(Extracted data entries)
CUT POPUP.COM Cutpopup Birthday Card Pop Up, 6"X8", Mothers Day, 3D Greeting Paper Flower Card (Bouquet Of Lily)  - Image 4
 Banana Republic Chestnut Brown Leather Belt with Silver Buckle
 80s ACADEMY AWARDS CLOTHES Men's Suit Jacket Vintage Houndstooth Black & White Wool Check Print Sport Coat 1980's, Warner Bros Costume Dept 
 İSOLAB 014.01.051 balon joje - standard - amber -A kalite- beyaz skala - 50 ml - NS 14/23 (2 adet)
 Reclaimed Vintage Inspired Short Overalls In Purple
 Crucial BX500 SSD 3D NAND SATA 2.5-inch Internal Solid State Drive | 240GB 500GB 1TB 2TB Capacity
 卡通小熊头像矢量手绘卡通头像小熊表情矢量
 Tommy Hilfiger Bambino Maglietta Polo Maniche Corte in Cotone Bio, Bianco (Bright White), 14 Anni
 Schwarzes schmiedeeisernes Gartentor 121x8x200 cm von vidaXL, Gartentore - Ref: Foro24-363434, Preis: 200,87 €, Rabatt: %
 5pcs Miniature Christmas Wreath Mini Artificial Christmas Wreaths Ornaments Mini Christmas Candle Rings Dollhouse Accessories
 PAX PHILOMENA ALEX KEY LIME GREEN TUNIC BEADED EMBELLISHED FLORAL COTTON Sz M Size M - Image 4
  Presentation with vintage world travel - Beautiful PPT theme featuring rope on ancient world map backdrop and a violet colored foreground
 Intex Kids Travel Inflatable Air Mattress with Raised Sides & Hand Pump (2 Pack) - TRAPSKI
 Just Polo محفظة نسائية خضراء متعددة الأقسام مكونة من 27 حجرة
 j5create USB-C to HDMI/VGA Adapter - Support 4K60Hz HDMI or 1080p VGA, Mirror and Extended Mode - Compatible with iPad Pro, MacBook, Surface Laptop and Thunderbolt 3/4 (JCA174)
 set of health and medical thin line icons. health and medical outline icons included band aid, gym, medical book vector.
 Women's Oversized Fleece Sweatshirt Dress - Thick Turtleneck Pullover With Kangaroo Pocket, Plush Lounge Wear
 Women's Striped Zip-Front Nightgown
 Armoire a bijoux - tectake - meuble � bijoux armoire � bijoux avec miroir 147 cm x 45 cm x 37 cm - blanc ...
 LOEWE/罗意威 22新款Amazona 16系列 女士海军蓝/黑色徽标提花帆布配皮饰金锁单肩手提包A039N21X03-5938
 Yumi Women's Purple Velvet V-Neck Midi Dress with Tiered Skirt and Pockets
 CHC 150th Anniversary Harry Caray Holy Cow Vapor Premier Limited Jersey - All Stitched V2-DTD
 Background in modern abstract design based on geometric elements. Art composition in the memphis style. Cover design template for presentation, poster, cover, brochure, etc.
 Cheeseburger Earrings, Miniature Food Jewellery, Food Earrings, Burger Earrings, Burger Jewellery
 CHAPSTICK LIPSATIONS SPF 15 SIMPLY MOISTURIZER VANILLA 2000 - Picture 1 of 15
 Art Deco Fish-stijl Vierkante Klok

## What the task requires
Each line of the data that has the string "Image" counts once; give the total and nothing else.

## Answer below
2